SUPPLIED MATERIAL:
★ ★ ★ ★ ★

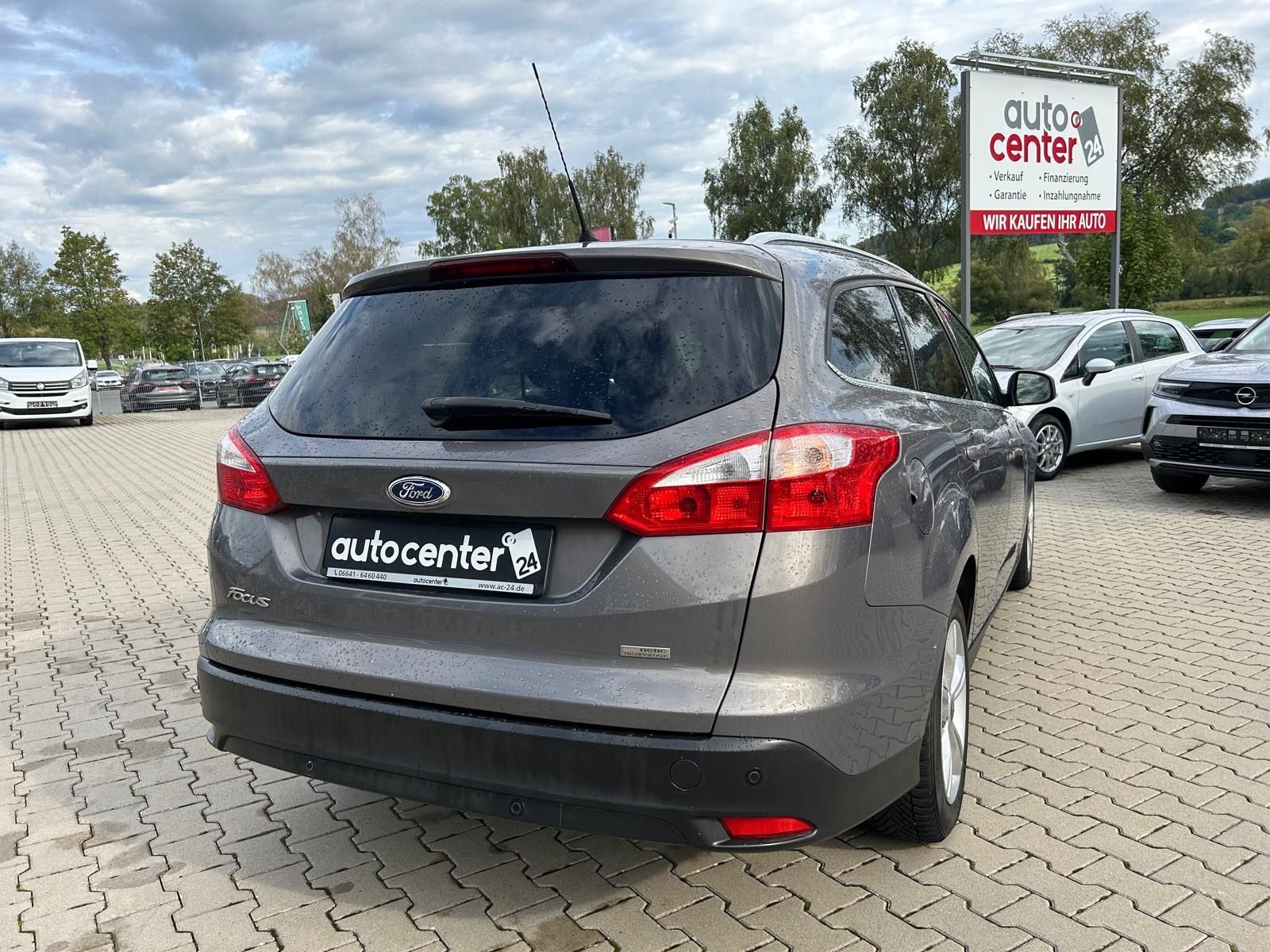 Fahrzeugabbildung Ford Focus Turnier°Champions Edition°Navi°Shz°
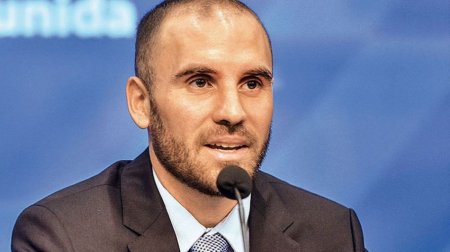 Ministro de Economía de Argentina resiste los embates del kirchnerismo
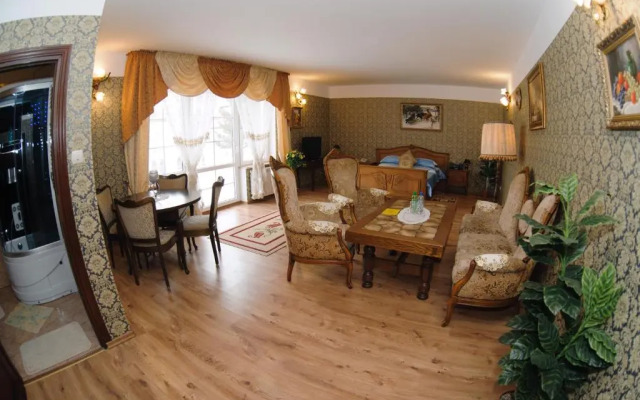 Hotel & Spa Antyczny Dwór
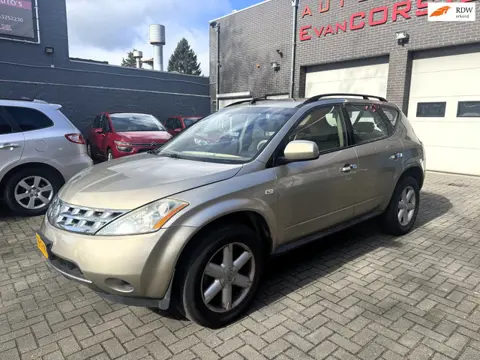 Nissan Murano 3.5 V6 Automaat Loopt en rijd goed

★ ★ ★ ★ ★

ASSIGNMENT: Set down word for word each line from the one containing "Hotel & Spa Antyczny Dwór" through the end of the material, and keep the pictures out of it.

EXERCISE OUTPUT:
 Hotel & Spa Antyczny Dwór
 Nissan Murano 3.5 V6 Automaat Loopt en rijd goed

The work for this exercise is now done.